▸ Listed records:
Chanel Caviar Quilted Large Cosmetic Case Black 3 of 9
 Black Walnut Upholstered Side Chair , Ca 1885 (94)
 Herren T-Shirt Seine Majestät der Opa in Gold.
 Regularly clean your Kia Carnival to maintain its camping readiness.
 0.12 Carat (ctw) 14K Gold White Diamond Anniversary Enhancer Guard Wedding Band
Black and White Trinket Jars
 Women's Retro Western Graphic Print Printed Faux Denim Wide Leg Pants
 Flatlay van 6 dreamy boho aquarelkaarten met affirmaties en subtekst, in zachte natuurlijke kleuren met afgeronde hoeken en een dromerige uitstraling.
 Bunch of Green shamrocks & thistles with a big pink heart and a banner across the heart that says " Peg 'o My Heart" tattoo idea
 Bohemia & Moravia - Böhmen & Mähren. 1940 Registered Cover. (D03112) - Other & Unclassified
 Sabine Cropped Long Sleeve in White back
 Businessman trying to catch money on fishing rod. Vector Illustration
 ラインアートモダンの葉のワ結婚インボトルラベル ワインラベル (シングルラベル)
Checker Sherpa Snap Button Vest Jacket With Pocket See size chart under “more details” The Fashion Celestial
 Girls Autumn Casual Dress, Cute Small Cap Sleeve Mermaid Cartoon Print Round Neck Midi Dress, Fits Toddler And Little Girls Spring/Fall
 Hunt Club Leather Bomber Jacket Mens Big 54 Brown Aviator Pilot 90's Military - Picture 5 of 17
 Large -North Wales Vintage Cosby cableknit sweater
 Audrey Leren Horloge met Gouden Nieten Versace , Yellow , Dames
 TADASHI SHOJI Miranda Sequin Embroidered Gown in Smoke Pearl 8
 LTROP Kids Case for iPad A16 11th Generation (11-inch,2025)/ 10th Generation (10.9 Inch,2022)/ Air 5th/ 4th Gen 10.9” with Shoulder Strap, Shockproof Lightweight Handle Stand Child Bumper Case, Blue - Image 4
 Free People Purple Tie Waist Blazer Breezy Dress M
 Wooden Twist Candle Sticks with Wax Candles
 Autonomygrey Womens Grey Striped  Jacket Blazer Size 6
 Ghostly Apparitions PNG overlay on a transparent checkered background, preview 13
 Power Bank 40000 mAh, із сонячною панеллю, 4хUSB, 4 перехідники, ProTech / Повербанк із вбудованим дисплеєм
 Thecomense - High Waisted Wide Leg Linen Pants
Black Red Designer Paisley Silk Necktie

▸ Activity: Reproduce the lines above, beginning at the line with "Hunt Club Leather" and stopping after the line with "Ghostly Apparitions PNG", exactly as they are.

▸ Exercise answer:
 Hunt Club Leather Bomber Jacket Mens Big 54 Brown Aviator Pilot 90's Military - Picture 5 of 17
 Large -North Wales Vintage Cosby cableknit sweater
 Audrey Leren Horloge met Gouden Nieten Versace , Yellow , Dames
 TADASHI SHOJI Miranda Sequin Embroidered Gown in Smoke Pearl 8
 LTROP Kids Case for iPad A16 11th Generation (11-inch,2025)/ 10th Generation (10.9 Inch,2022)/ Air 5th/ 4th Gen 10.9” with Shoulder Strap, Shockproof Lightweight Handle Stand Child Bumper Case, Blue - Image 4
 Free People Purple Tie Waist Blazer Breezy Dress M
 Wooden Twist Candle Sticks with Wax Candles
 Autonomygrey Womens Grey Striped  Jacket Blazer Size 6
 Ghostly Apparitions PNG overlay on a transparent checkered background, preview 13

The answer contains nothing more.